━━ Extracted entries
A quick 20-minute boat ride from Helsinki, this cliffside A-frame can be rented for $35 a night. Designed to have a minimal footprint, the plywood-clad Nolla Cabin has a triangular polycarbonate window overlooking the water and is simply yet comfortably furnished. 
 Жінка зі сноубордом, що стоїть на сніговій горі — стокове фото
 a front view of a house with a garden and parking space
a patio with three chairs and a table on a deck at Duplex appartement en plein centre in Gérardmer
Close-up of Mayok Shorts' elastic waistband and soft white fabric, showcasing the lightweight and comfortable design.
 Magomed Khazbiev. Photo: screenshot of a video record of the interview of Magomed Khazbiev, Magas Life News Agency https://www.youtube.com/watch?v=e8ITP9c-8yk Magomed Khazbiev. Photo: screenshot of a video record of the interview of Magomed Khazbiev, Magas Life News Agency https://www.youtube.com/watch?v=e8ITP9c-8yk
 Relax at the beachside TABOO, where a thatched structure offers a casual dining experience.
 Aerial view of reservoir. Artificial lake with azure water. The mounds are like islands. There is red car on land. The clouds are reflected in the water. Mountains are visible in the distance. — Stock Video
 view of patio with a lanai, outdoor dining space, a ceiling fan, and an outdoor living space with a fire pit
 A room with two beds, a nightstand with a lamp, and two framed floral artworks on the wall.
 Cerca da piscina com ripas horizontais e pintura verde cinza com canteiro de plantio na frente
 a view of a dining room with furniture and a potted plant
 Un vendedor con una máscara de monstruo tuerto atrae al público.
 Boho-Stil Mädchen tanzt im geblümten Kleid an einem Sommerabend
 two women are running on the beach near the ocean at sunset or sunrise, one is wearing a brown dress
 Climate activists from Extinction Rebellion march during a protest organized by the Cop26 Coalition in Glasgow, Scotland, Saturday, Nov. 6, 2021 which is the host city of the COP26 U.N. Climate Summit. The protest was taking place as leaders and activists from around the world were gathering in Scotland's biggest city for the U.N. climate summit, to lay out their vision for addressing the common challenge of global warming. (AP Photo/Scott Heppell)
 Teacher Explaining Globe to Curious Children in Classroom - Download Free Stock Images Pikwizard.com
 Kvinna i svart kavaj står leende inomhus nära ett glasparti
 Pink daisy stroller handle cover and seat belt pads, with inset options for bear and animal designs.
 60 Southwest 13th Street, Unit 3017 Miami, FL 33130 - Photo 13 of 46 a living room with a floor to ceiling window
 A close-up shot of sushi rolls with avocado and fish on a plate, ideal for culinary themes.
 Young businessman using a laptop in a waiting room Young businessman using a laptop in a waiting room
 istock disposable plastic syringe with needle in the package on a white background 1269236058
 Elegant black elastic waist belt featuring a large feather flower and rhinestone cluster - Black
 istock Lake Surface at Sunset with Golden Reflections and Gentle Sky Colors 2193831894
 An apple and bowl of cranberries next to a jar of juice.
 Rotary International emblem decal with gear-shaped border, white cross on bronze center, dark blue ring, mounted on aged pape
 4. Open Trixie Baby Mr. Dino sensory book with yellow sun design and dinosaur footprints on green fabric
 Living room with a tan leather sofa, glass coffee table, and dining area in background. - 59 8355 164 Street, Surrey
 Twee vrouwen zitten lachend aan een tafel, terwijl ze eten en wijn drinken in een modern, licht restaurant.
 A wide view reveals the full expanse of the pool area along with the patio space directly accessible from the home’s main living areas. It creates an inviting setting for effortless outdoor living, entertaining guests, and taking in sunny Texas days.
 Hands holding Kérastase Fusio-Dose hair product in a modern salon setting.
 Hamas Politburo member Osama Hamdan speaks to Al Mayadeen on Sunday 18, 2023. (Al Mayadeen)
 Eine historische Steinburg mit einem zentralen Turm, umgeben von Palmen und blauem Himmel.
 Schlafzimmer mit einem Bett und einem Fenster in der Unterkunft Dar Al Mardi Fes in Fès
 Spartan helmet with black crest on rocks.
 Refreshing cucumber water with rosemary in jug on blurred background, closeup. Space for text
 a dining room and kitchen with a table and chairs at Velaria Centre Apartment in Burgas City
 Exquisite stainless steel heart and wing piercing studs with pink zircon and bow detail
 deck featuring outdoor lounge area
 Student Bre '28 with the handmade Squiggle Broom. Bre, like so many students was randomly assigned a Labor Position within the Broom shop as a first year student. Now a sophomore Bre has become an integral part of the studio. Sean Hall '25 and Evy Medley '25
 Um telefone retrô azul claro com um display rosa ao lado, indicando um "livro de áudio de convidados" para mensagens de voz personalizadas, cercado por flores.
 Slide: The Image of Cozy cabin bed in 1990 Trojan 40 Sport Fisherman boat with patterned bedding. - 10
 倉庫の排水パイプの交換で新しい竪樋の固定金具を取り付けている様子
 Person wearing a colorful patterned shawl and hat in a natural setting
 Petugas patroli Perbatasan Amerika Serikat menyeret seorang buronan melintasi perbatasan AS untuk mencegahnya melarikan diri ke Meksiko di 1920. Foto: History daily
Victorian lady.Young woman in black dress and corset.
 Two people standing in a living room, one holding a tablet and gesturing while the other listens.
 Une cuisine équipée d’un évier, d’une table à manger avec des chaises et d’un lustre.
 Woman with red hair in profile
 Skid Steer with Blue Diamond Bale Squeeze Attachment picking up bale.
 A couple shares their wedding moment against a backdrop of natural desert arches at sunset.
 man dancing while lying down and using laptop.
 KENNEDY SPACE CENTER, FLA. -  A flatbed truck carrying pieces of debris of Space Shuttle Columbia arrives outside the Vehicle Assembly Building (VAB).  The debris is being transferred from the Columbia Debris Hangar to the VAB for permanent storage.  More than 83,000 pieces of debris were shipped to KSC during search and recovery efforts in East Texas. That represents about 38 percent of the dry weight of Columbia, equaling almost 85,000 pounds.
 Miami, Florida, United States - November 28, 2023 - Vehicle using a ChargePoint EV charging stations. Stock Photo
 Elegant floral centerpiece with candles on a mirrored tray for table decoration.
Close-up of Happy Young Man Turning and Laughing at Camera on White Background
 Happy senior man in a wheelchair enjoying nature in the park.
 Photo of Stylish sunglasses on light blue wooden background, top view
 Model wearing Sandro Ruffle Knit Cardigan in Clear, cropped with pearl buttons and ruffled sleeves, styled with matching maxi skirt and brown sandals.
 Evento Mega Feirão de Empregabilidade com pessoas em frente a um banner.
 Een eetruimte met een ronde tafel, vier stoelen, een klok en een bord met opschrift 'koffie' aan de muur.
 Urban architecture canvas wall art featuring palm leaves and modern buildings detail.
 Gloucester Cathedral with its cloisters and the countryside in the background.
━━━━
_Work to complete_
Copy the lines of the data above exactly as written, beginning with the line containing "Woman with red hair in profile" and ending with the line containing "Close-up of Happy", and leave out all other lines.

_Problem solution_
 Woman with red hair in profile
 Skid Steer with Blue Diamond Bale Squeeze Attachment picking up bale.
 A couple shares their wedding moment against a backdrop of natural desert arches at sunset.
 man dancing while lying down and using laptop.
 KENNEDY SPACE CENTER, FLA. -  A flatbed truck carrying pieces of debris of Space Shuttle Columbia arrives outside the Vehicle Assembly Building (VAB).  The debris is being transferred from the Columbia Debris Hangar to the VAB for permanent storage.  More than 83,000 pieces of debris were shipped to KSC during search and recovery efforts in East Texas. That represents about 38 percent of the dry weight of Columbia, equaling almost 85,000 pounds.
 Miami, Florida, United States - November 28, 2023 - Vehicle using a ChargePoint EV charging stations. Stock Photo
 Elegant floral centerpiece with candles on a mirrored tray for table decoration.
Close-up of Happy Young Man Turning and Laughing at Camera on White Background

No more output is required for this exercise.